The International Committee for the Study of Victimization undertook research that looked at people who had suffered serious adversity -- cancer patients, prisoners of war, accident victims -- and had survived. They found that people fell generally into three categories:
An example: Vice Admiral James Stockdale was the highest-ranking United States military officer imprisoned during the height of the Vietnam War. He was tortured over twenty times and forced to submit to unspeakable horrors, during his eight-year imprisonment from 1965-1973. After his release, Stockdale became the first Three-Star officer in the history of the Navy to wear both Aviator Wings and the Medal of Honor. (image credit: US Navy, via Wikipedia)
In an interview, he was asked: "Who didn't make it out? "
"Oh, that's easy" he said, "the optimists."
"They were the ones who said 'We're going to be out by Christmas. And Christmas would come and go...and they would die of a broken heart.'"
"There is a very important lesson here: You can never confuse faith that you will prevail in the end --- which you can never afford to lose --- with the discipline to confront the most brutal facts of your current reality, whatever they might be." So here is Stockdale's compelling message: "We're not getting out by Christmas; deal with it!"

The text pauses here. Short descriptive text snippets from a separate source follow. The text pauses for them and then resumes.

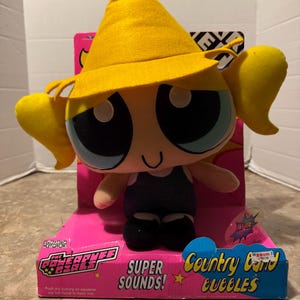 Puede incluir: Un peluche de Burbuja de Las Supernenas, con un sombrero amarillo y un atuendo negro. El juguete está en una caja rosa con el texto "SUPER SOUNDS! Country Band Bubbles". El juguete tiene grandes ojos azules y coletas amarillas.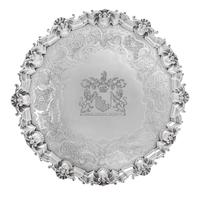 A George II Silver Salver, David Willaume II, London, 1744, having a rocaille and S-scroll decorated rim, the center with and engraved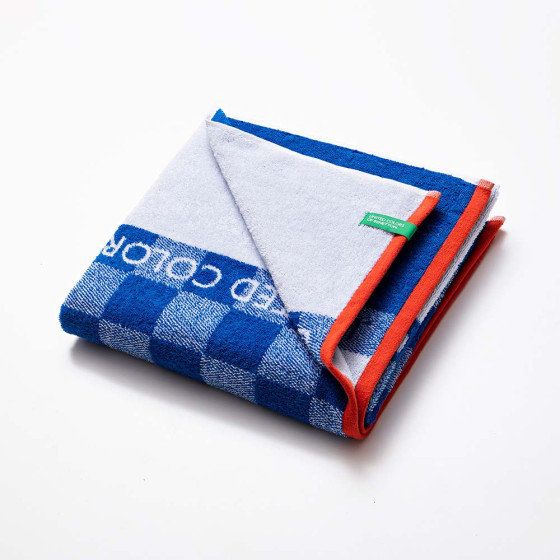 Toalha de praia 140x70cm quadrados azuis kids benetton
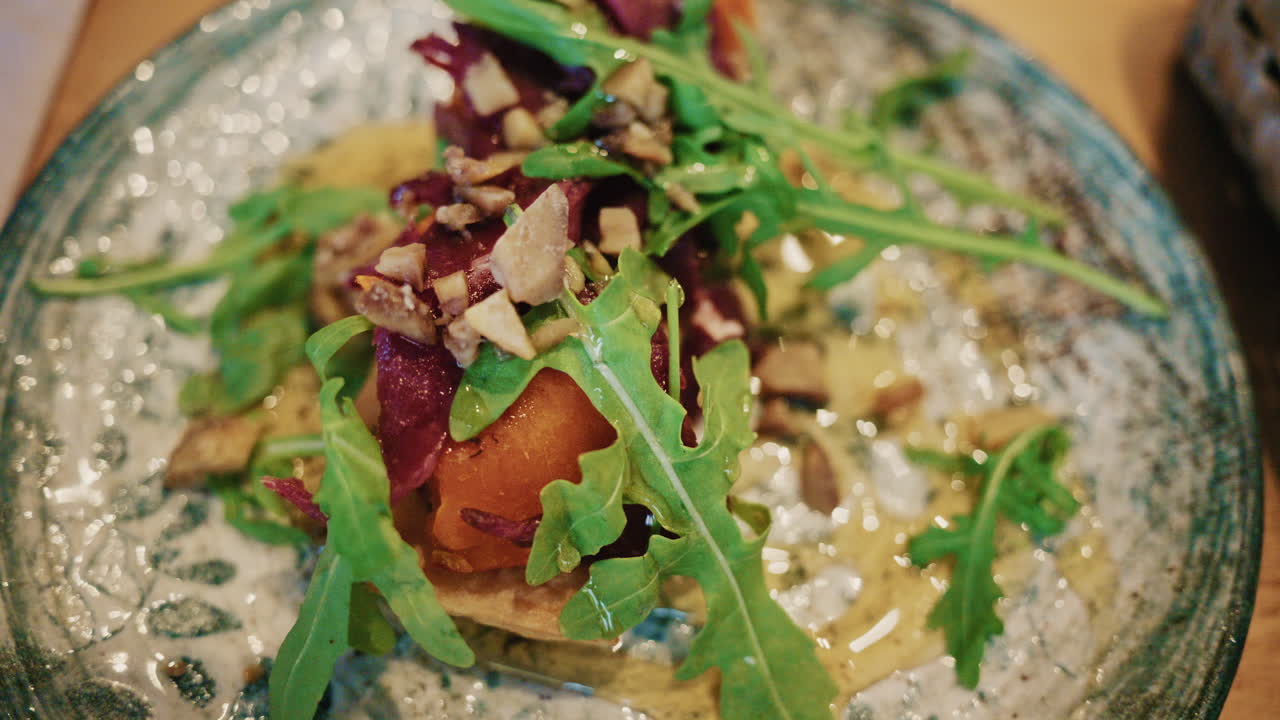 Nærbillede af en gourmet-appetizer toppet med friske grøntsager, nødder og sauce, serveret på en keramisk tallerken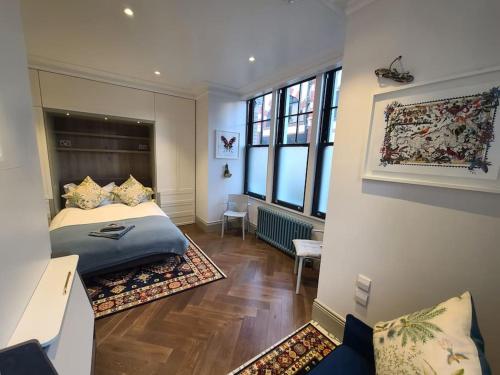 a bedroom with a bed and a large window at New Boutique Ground Floor Apartment in London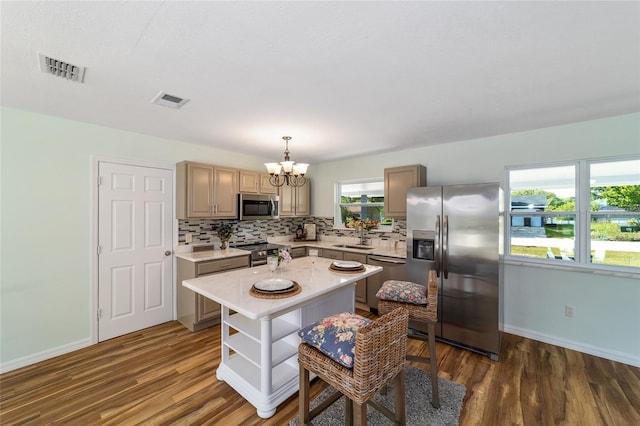 kitchen with stainless steel appliances, light countertops, wood finished floors, a chandelier, and tasteful backsplash
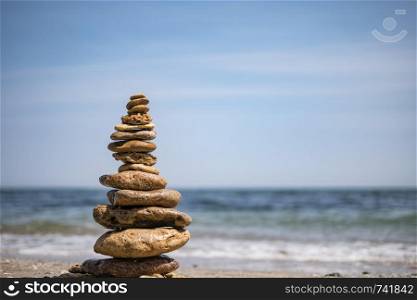 cairn on sea background. pyramid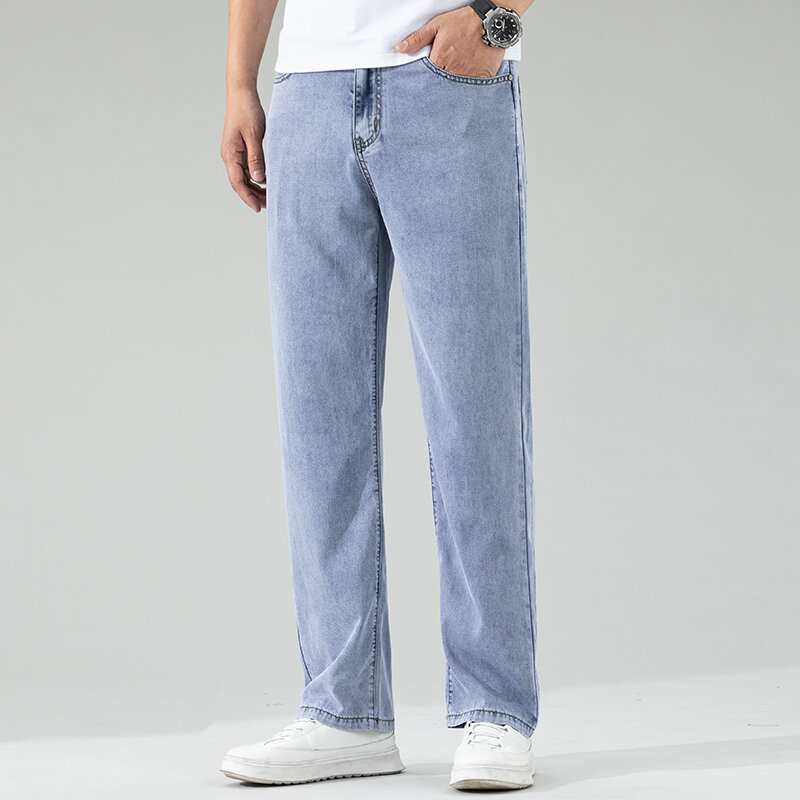 Klassische schwarze gerade Lyocell Jeans für Männer Sommer dünne weiche bequeme elastische lose Eis Seide Jeans hose Marken kleidung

This insight has come to be known as the "Stockdale Paradox" or the "Hardiness Factor": Retain faith that you will prevail in the end, regardless of the difficulties, and, at the same time, confront the most brutal facts of your current reality, whatever they might be.

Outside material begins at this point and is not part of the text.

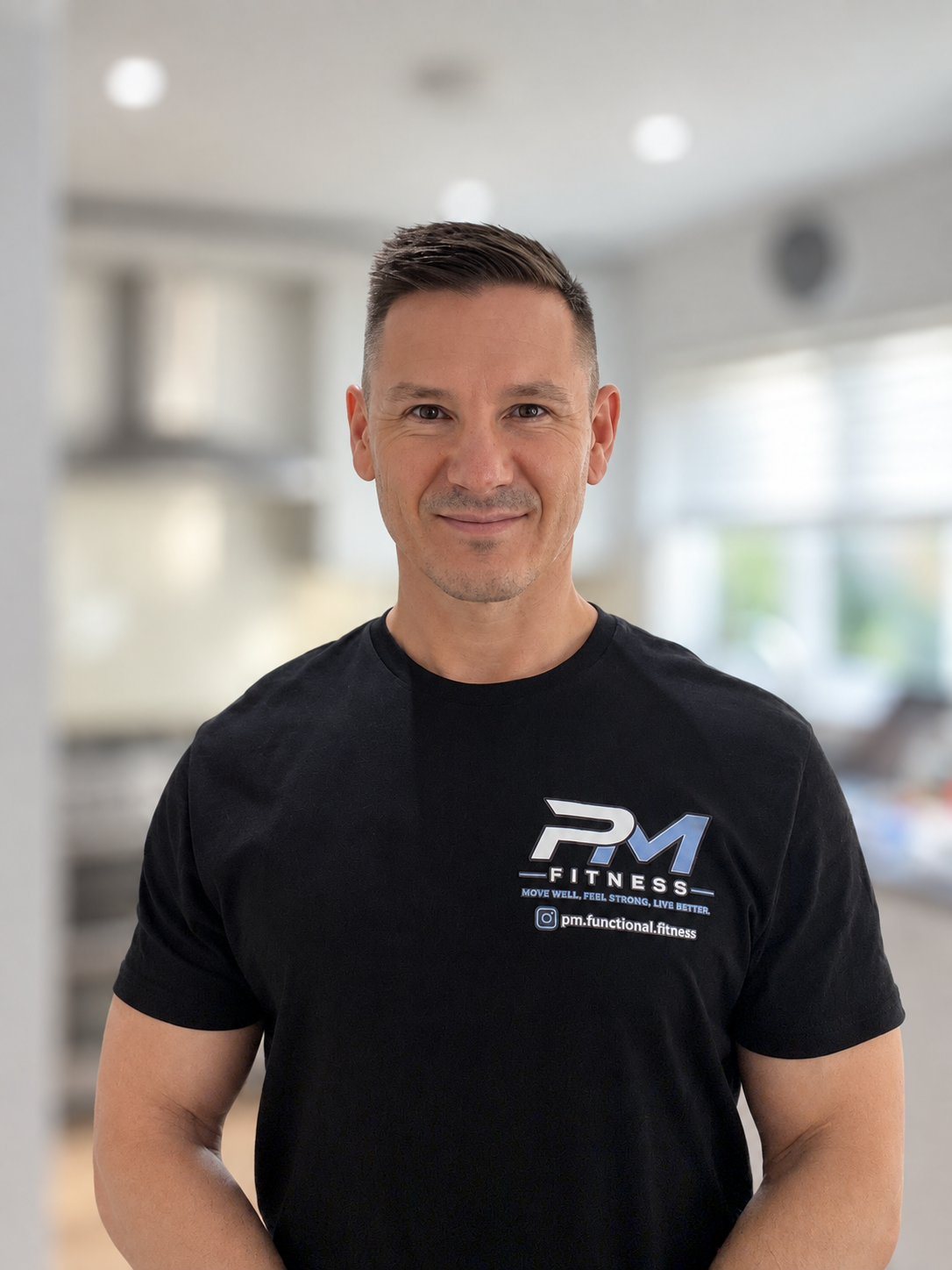 Paul Minihane wearing his PM Fitness shirt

There is a difference between Christian hope, and "keeping a stiff upper lip." Hope of this Christian kind, comes walking out of graves, and has no patience with merely "thinking positively." Resurrection hope is a different kind altogether, which can get us out of whatever prisoner-of-war circumstances we may find ourselves in.
The end has been assured for those of Christian faith. The resurrection of Jesus Christ, God's embodiment with us, is our guarantee. We are not "born" with this kind of stamina, this unwavering, ferocious resolve.
Church is a place where we nurture this stamina story into embodiment in our lives. So may it be with us, the capacity "finish well."